С замирающим сердцем смотрел я на нее, и пришло мне в голову давно сказанное моим учителем: «Мы не меняемся, мы все больше становимся собой…» Сию дорогу прошли мы с ней врозь, как и положено тем, кто в пути к самому себе. Только на счастливый миг свела планида наше движение, и то пересечение заискрило озарением, и искры те взлетели над нашими судьбами, как путеводные звезды.

Ружена… Мне навороженная… Моя мироносица… Пташка-ждашка… Сладчайшая… Владычица дум… Облюбленница… Красотулька… Золотушка… Пригожая… Забавница… Красавица… Душка… Хорошуля… Драгота… Пестулька… Любка… Ладушка… Горлица, что вылетела из дома моего сердца, оставив в нем пустоту тишины.

«Держи разум в сапогах», — строго приказал я себе и силой оторвал от нее взгляд, чтобы наконец увидеть и их. Рой девиц неспешно шел по лужайке, будто плыл в травах, к заветному деревцу. Беззвучно и плавно шли, как во сне. Но стоп: разве это крестьянские девушки из русинской окраины Мукачева?! Такие уважаемые, благородные, каждая в платье особой краски (на свою нить), какая в веночке, а какая в платинке из тонкой ткани. Разве что босые ноги отдаленно выдавали, что это мужицкие дочери. Но нужна ли обувь в раю?! Пришли к помосту в дупле, поклонились. Две склонились на колени перед барыней, она положила им руки на головы, гладила, как зверей. Еще одна присела возле фонтана, ощупывая рукой место, — слепенькая. А пятеро стали в круг и начали медленно вращаться в танце. Легкие, хупавые [366], какие-то безвольные. Танцуя пели. Я прислушался.
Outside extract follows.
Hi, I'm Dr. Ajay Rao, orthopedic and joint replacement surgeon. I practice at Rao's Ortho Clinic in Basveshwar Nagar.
Что это за пани стоит с ангелами —
Месяц и звезды у нее под ногами?
То не Мария?
…………………………………….
То не Мария?

«Нет, не Мария, — невольно шелестнули мои уста. — Это Ружена… дочь Михи-деревача, сиротка взбалмошной матери-беглянки и сама беглянка, вдова богатого иностранца, одаренная вещунка, мастерица чар, монахиня-бегинка… И хотя обладает она тайной силой над деревьями (да и не только над ними), это пани Кравсова, а не Пани Сухого Дерева… Жаль, что тем грезит и заставила в это поверить девиц-ангелиц».
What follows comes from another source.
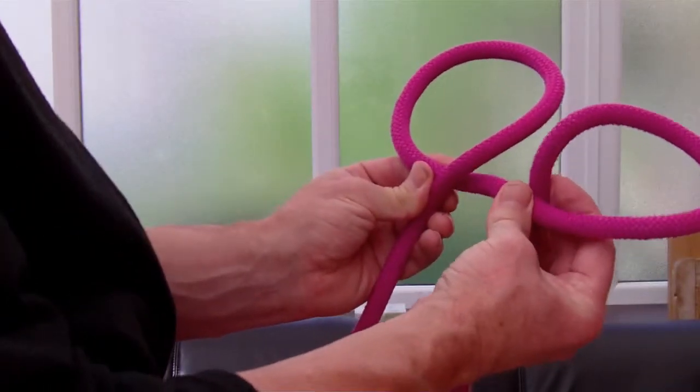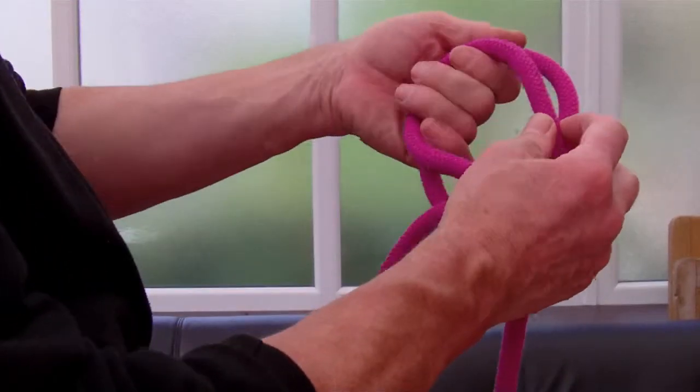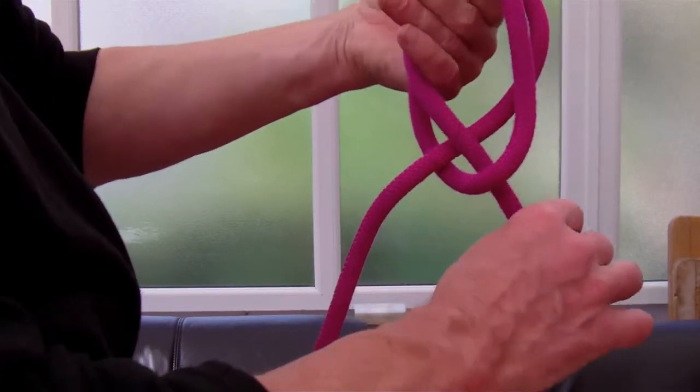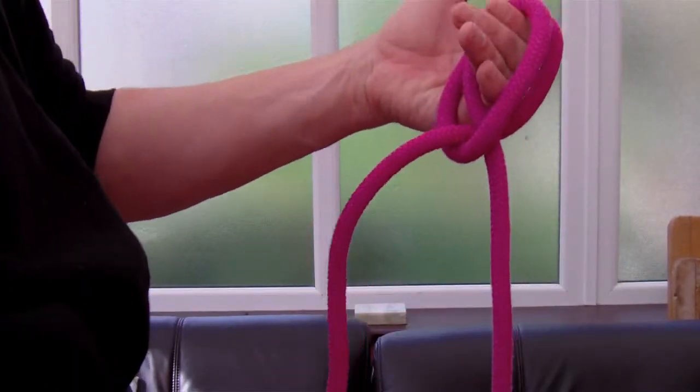Go on, twist your little tinker and simply pass the second loop in front of the first. Then you'll have that nice little crossover shape and the knot will adjust by pulling on the ends.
А они продолжали пение, которым славят «Божество святого часа». Журчание воды, щебетание птиц и крики зверей были им музыкой. Хотя нет… музыка была в них самих. И я, холодея сердцем, стал догадываться, какая. Скорее носом, чем глазами, угадал, что за травы цвели вокруг. Кроме пресловутого брадольца, ядовито красовались белена и красавка, прозванная сонной дурью, и желтый мачок, и мандрагора, что помогает соблазнителям, и пьянящий перец, расслабляющий без нарушения ясности ума, и дурман, и дикий пахучий бакун, и кустовой хвойник, а возле него и вечнозеленый кат, еще и мохнатый вьюночек, навевающий видения, и голубые кувшинки у озерца, и верболистовые синиквичи, из которых варят пойло, которое «открывает солнце», и была мутная конопля, и порочный чуймуй — мимоза, которая при прикосновении складывает листья, и даже гибкая яхеваска, которую еще называют «лозой духов»… Не все из того манящего яда мне и узнать удалось. Вот рецептарю Шивереку было бы здесь чем поживиться!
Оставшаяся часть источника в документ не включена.